Marks & Spencer proclaim plastic bag levy a success

Posted by Editorial on 25th July 2008

Marks & Spencer announced yesterday that it has achieved an 80% reduction in the total number of food carrier bags used since the UK-wide launch of carrier bag charging in early May. The company reports that such a figure means that M&S customers have used about 70 million less plastic bags in the last ten weeks alone.

With all profits from the 5p charge going to charity, in the same period, over £200,000 has been raised for M&S’ environmental charity partner, Groundwork. The money is reportedly being invested in creating or improving ‘Greener Living Spaces’ such as parks, play areas and gardens.

Sir Stuart Rose, M&S Chairman, believes the widely publicised strategy has worked and claims that consumers are willing to adapt. “It is fair to say that M&S’ carrier bag charging policy has provoked a lot of debate but these figures show that the overwhelming majority of our customers support charging and are already helping us to make a huge difference by bringing their own bags in with them when they shop with us,” he said. “We hope to encourage more customers to take action with our free Bag for Life giveaway this weekend.”

Marks & Spencer began charging 5p for its single use food carrier bags in all of its UK stores on the 6th May as a part of their plan to reduce carrier bag usage by a third and send no waste to landfill from its operations by 2012.
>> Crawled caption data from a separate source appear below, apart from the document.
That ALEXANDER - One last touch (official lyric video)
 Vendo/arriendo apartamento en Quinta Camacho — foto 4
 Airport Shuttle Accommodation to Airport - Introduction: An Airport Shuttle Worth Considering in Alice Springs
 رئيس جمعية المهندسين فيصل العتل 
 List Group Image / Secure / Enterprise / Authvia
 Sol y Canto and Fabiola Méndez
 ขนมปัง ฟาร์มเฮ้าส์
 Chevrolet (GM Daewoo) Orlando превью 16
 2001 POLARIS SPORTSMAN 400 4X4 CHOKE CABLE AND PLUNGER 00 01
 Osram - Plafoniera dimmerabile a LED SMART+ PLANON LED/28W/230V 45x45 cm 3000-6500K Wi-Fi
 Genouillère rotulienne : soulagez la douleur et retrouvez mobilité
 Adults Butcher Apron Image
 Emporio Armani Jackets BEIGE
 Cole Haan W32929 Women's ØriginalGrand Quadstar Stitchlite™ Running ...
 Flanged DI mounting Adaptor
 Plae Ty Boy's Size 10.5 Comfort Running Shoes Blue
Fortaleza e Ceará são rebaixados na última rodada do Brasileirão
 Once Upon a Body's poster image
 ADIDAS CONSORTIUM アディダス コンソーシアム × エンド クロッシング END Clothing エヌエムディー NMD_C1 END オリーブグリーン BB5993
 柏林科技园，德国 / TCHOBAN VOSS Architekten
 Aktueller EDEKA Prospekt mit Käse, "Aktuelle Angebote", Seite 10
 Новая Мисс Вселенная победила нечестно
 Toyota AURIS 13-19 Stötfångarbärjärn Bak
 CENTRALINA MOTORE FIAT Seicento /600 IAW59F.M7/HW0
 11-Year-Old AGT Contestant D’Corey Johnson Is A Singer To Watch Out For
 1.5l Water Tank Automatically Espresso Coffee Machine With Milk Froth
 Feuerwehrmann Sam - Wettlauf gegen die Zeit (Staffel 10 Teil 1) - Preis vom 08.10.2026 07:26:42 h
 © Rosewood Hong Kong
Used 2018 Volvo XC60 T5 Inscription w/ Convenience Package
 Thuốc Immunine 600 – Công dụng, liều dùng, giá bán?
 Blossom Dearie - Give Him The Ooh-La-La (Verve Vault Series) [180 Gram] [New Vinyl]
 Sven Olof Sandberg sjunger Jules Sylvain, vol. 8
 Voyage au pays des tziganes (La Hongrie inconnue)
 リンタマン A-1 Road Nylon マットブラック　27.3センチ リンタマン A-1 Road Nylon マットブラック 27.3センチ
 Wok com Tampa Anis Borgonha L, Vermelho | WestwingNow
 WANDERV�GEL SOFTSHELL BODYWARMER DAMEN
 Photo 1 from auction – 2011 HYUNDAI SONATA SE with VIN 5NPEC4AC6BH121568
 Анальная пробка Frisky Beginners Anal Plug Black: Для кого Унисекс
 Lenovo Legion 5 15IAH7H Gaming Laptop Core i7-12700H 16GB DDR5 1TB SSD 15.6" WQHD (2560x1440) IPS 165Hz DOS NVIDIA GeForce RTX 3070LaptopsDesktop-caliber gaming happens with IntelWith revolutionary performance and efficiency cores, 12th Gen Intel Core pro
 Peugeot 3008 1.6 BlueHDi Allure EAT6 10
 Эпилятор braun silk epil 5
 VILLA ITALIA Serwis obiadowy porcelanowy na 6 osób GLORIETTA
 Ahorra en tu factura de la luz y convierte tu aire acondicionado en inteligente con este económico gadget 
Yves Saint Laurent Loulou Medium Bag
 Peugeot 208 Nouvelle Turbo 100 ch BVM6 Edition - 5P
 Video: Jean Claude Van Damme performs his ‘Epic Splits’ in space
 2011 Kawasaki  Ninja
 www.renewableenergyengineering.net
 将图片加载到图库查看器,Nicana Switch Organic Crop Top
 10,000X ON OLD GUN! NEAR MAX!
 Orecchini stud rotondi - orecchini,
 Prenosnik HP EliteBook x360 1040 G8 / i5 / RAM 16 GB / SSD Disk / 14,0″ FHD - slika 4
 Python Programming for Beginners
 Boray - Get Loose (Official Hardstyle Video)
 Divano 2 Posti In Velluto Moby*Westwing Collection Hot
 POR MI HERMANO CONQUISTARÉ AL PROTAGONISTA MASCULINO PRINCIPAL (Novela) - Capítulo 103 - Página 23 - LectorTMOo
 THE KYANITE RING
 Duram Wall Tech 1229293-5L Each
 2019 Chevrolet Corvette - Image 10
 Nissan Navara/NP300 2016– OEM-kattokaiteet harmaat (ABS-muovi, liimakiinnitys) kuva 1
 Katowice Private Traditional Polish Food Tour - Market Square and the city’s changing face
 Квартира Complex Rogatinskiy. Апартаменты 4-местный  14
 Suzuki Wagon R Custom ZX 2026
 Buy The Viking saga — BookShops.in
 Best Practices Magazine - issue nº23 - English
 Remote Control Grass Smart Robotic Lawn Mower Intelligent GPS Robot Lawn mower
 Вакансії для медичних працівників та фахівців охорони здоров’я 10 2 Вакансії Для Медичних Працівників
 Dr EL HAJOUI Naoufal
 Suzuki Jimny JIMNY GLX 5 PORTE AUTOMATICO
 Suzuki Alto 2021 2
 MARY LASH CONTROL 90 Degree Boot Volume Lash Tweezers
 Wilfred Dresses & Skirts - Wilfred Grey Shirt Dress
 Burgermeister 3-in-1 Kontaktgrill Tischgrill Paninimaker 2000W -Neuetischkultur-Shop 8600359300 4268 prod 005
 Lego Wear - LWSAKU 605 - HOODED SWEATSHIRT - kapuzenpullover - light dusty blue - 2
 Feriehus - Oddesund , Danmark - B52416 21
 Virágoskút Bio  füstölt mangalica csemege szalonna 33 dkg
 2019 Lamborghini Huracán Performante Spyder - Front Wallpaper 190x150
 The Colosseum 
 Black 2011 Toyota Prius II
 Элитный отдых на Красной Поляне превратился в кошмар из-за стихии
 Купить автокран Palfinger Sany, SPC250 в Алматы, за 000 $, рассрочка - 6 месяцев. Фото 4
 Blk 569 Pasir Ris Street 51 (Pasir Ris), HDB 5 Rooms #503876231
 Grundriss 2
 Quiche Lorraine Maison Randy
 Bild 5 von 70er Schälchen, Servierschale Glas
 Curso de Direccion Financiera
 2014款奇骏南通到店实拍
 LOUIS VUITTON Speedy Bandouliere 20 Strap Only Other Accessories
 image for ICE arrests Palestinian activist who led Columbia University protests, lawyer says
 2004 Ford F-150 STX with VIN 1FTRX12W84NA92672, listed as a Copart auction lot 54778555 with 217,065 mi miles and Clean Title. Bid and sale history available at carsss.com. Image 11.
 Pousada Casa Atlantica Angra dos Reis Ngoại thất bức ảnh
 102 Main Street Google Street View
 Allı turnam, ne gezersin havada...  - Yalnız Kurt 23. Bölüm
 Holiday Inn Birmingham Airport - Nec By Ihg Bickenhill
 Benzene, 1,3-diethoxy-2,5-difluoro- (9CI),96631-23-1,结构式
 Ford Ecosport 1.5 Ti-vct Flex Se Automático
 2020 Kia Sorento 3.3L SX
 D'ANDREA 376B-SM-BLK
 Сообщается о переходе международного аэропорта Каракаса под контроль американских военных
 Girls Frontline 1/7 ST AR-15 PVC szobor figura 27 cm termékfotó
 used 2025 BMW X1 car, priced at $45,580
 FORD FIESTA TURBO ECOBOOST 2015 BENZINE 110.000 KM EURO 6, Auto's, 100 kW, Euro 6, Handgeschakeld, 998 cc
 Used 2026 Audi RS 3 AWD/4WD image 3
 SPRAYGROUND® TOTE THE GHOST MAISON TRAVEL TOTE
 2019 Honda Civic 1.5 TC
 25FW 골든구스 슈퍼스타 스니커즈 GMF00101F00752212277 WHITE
M&S also made two additional changes to help reduce the environmental impact of carrier bags even further. Customers can return any used carrier bags to any till point or customer service desk at M&S stores for recycling and M&S now utilise a new standard food carrier bag made from 100% post consumer waste in its stores nation-wide. This move is reducing the amount of virgin plastic M&S uses by 3,400 tonnes per year, according to the company.

In Australia, a plastic bag levy is to be trialled in Victoria throughout August in IGA, Coles and Woolworths supermarkets. The results of the trial will be analysed independently and will guide future policy decisions by state and federal governments. The South Australian Government has, however, already committed to banning plastic bags from the beginning of next year.